Joanne Krell is a senior executive in communications with deep experience in both the social and corporate sectors. In late 2017, she co-founded and launched Defy Communications, a strategic communications firm dedicated to working with great people and organizations to help society get the outcomes it deserves.
Before launching Defy, Joanne served as executive director of corporate communications for General Motors, a senior leadership role responsible for reputation management; executive, internal and external communications; and the GM brand. Earlier in her career, she spent a dozen years at GM in a wide range of communications roles including as director of communications for Cadillac and Saab, for GM’s financial services division and as communications lead for GM’s global issues. She has worked on countless product, reputation and issue-based campaigns as well as through multiple high-profile crises.
Prior to her return to GM, Joanne was the vice president of communications for the W.K. Kellogg Foundation, among the nation’s largest philanthropic foundations. While there, she implemented a strategic communications approach and structure to improve its organizational communications, an identity process to clarify the organization’s “golden why” writ large, and to propel efforts to amplify the grant-making and mission-driven investing work of the organization and its grantees, which focuses on social change toward better life outcomes for vulnerable children.
Joanne began her career in Washington, D.C., working for the American Federation of Teachers and the Air Line Pilots Association before spending several years with Widmeyer Communications (now Finn Partners) on issues ranging from education reform to health care and reproductive rights to energy policy. She later managed communications for the National Board for Professional Teaching Standards, helping introduce and seed board certification for teachers as a way to improve both learning and the teaching profession.

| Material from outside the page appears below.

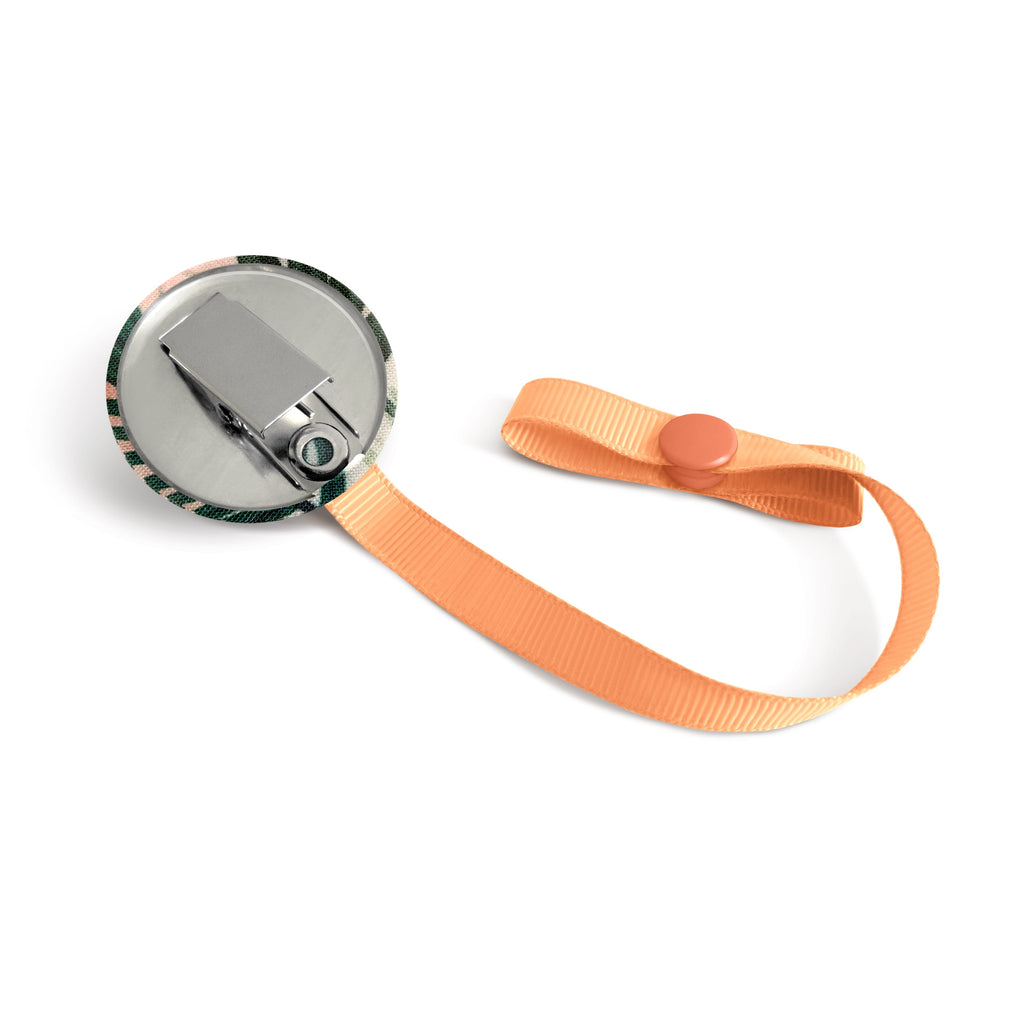 Attache Suce Lolikö Palmier Pour Bébé Avec Pince Métal Pratique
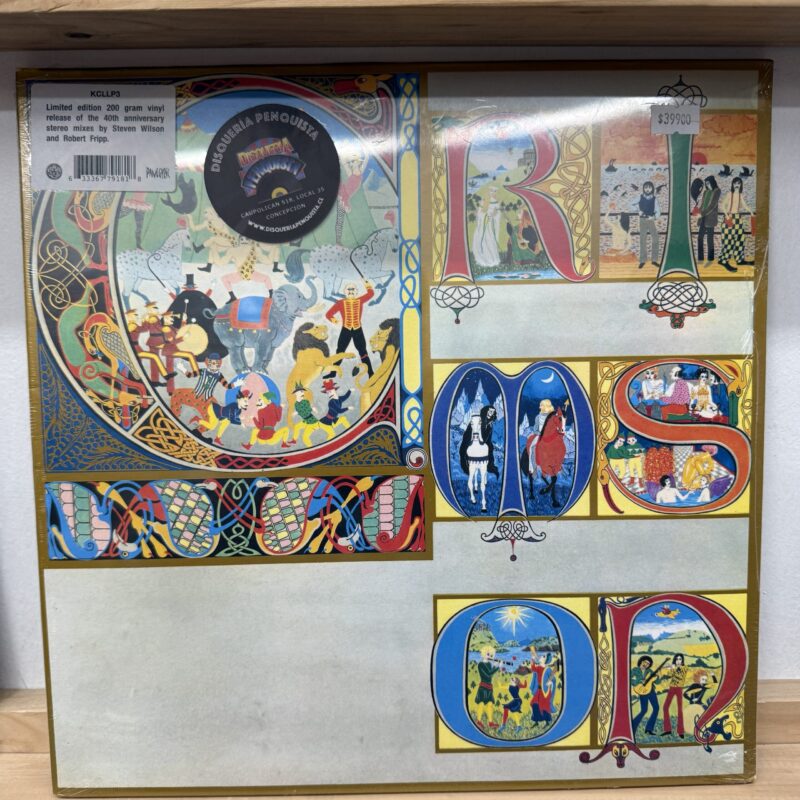 King Crimson /Lizard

Joanne has been active in community service and local initiatives and was a board member of the Communications Network, the national organization for foundation and nonprofit communications professionals, serving as its vice chair from 2013 to 2015. She holds a bachelor’s degree in government and politics from the University of Maryland and a master’s degree in marketing and advertising from Michigan State University. She has completed executive education at Oxford University and studied abroad as an undergraduate at Hebrew University in Jerusalem, Israel.